Does Far Right hypocrisy
Know no Bounds?
It is almost mind numbing to consider
the abyss that has opened between the evangelical rhetoric espoused by the
extreme right in American politics and some statements made by those same self
serving, self righteous , and one suspects, self loathing sycophants. As Jesus called out the Pharisees for their loud public
prayer, self aggrandizing piety and
hypocrisy, it is time for America to call out the hypocrites of the lunatic
right for theirs.
let's start with Pat Buchanan, the
nattering nabob and largely irrelevant Faux News mouthpiece. Buchanan's new, or
rather continuing, smear target and bête noir is gay equality. He has recently stated that clergy should make a call
from the pulpit for a wave of civil disobedience with regard to resisting
treating LGBT persons equally based, of course, on religious convictions.
" Buchanan juxtaposes LGBT rights with the racial civil rights movement,
openly admitting that religious leaders will have to preach “principled
rejection” and encourage their congregations to disobey laws. He believes
“treating black folks decently” is the Christian thing to do, but the same cannot
be said for the LGBT community."
So, you ask, where's the hypocrisy, we
admit he's a hater, but he's right on race, isn't he? He's a fine Christian who
believes in the brotherhood of man, It's just gays he hates now, right? The
following are Buchanan quotes actually made during the years he was a Nixon speechwriter,
toady and dirty trickster:
As a
Nixon White House advisor Buchanan urged President Nixon in an April 1969 memo
not to visit "the Widow King" on the first anniversary of Martin
Luther King's assassination, warning that a visit would "outrage many,
many people who believe Dr. King was a fraud and a demagogue and perhaps
worse.... Others consider him the Devil incarnate. Dr. King is one of the most
divisive men in contemporary history."
Trying to justify apartheid in South Africa, he denounced the notion
that "white rule of a black majority is inherently wrong. Where did we get
that idea?

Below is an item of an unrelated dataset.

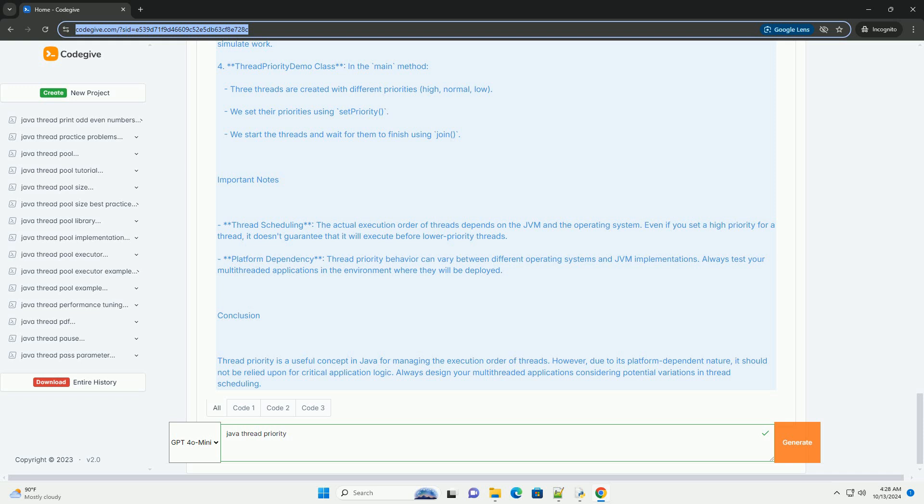Explanation: 1. Thread Class We create a class mythread that extends the thread class. It has a countdown variable that counts down from 5. 2. Constructor In the constructor, we set the name of the thread and increment the thread count.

The Founding Fathers did not believe this."
OK, so you say that was then, but now
Buchanan is, as the Uber Christian he purports to be, a changed man? All that racist stuff he now admits was
wrong! So today's Buchanan only hates the LGBT community instead of everyone
not like him? I demur, and offer the following as proof of this man's
incredible well of drivel. I would also offer that someone who has all of
Buchanan's vitriol and rancor could only dredge it up from a bottomless well of
self loathing.
"Rail as they will about
'discrimination,' women are simply not endowed by nature with the same measures
of single-minded ambition and the will to succeed in the fiercely competitive
world of Western capitalism."
"With 80,000 dead of AIDS, our
promiscuous homosexuals appear literally hell-bent on Satanism and
suicide,"
Writing of "group fantasies of
martyrdom," Buchanan challenged the historical record that thousands of
Jews were gassed to death by diesel exhaust at Treblinka: "Diesel engines
do not emit enough carbon monoxide to kill anybody." (New Republic,
10/22/90)
Buchanan was also "credited"
(as if the following deserved credit) with crafting Ronald Reagan's line that the SS
troops buried at Bitburg were "victims just as surely as the victims in
the concentration camps." (New Republic, 1/22/96)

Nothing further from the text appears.